Working data START

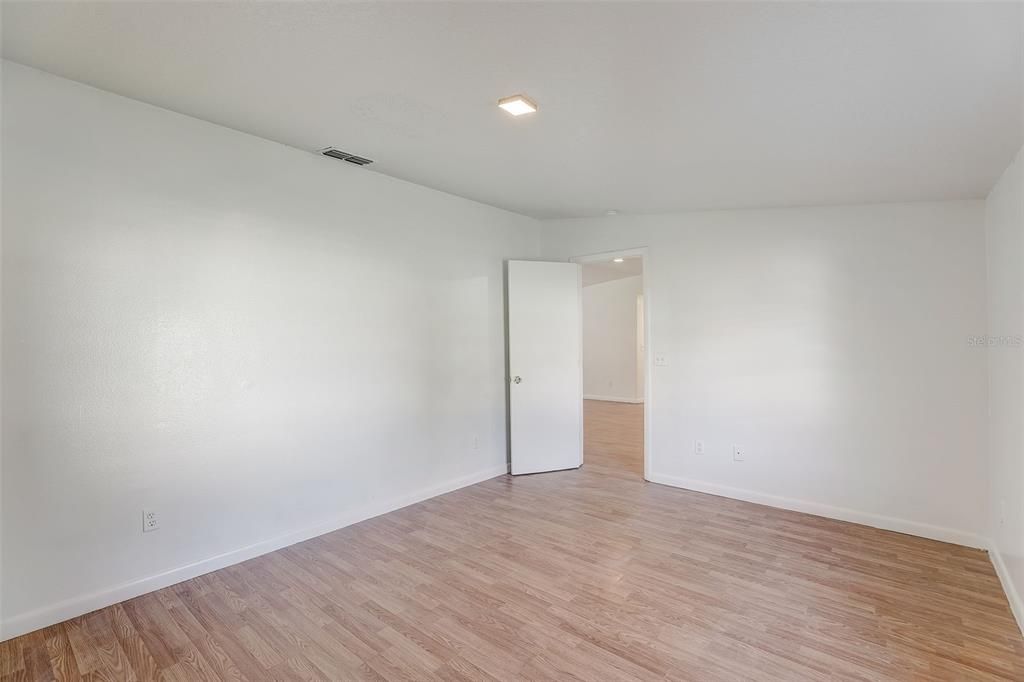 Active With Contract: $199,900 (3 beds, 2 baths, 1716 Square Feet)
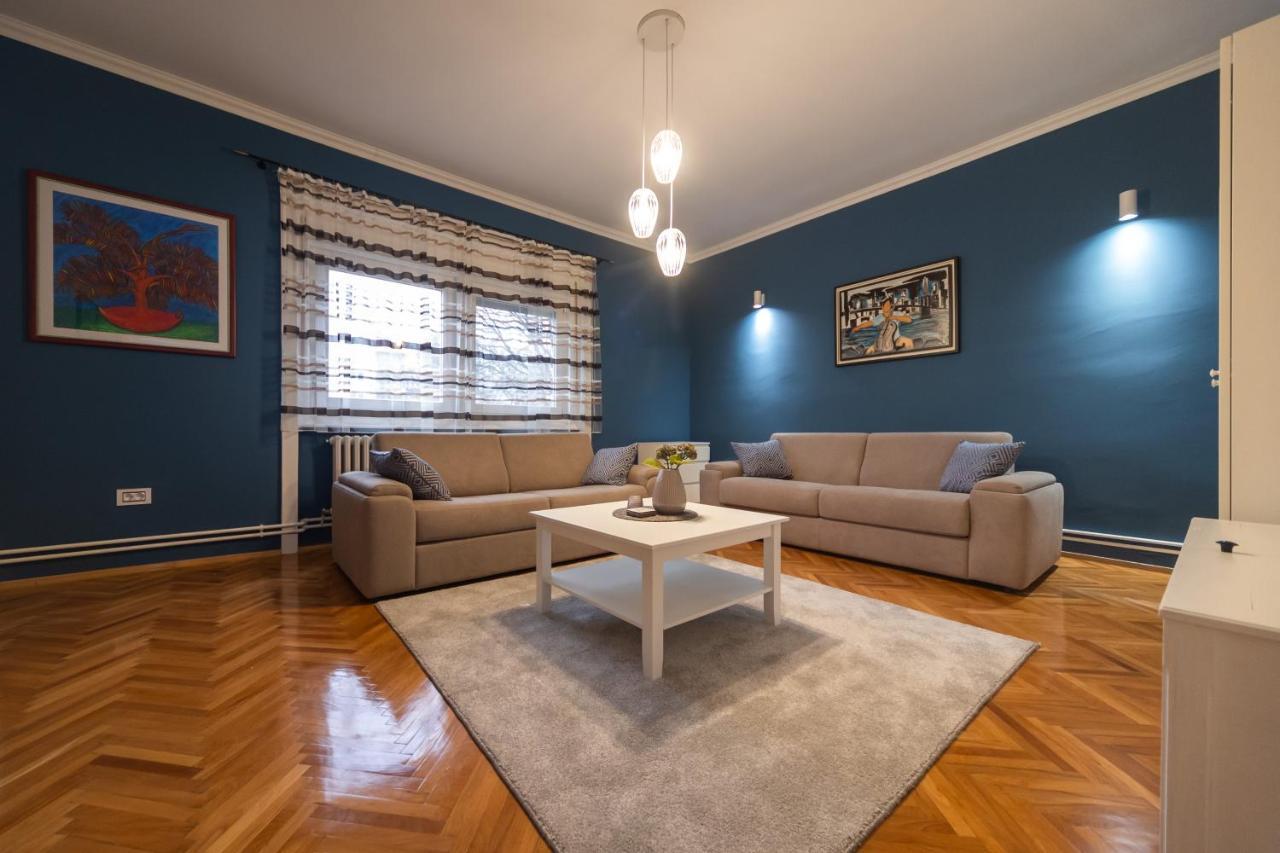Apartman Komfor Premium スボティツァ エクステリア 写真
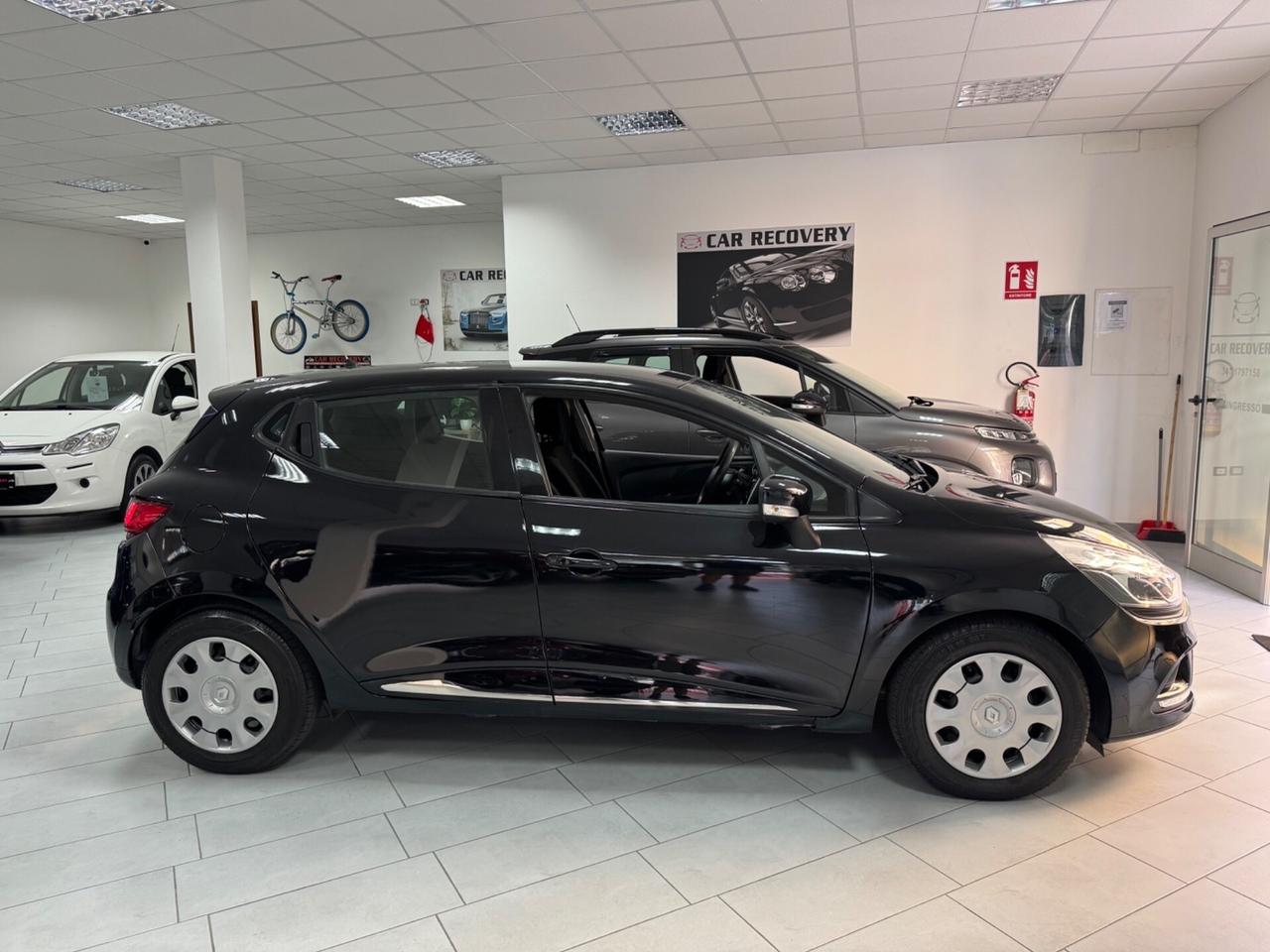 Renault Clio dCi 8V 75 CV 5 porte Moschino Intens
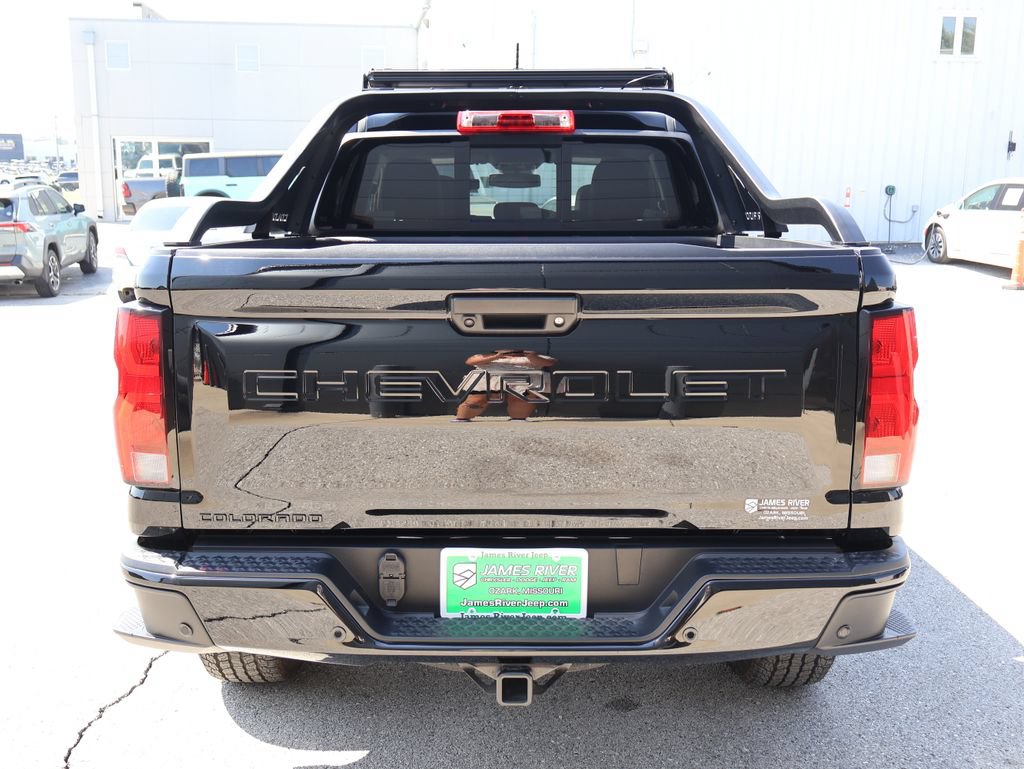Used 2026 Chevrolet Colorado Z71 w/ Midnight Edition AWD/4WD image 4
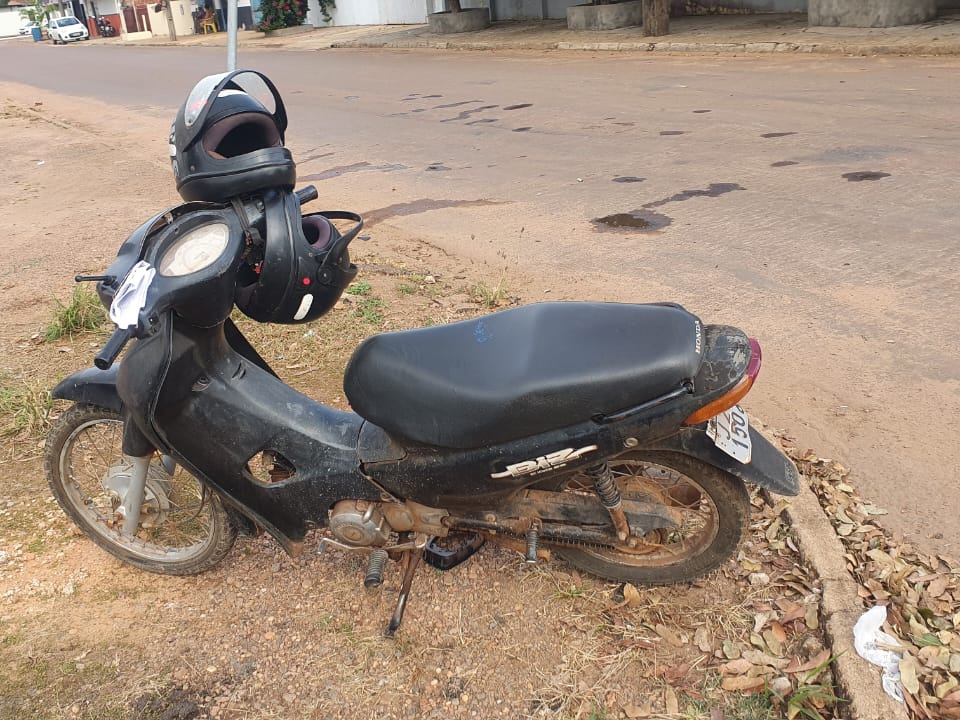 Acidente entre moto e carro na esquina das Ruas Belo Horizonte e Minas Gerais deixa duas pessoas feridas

Working data END

▸ **Exercise directions**
Give back the data exactly. Skip any images.

▸ **Exercise output**
 Active With Contract: $199,900 (3 beds, 2 baths, 1716 Square Feet)
Apartman Komfor Premium スボティツァ エクステリア 写真
 Renault Clio dCi 8V 75 CV 5 porte Moschino Intens
Used 2026 Chevrolet Colorado Z71 w/ Midnight Edition AWD/4WD image 4
 Acidente entre moto e carro na esquina das Ruas Belo Horizonte e Minas Gerais deixa duas pessoas feridas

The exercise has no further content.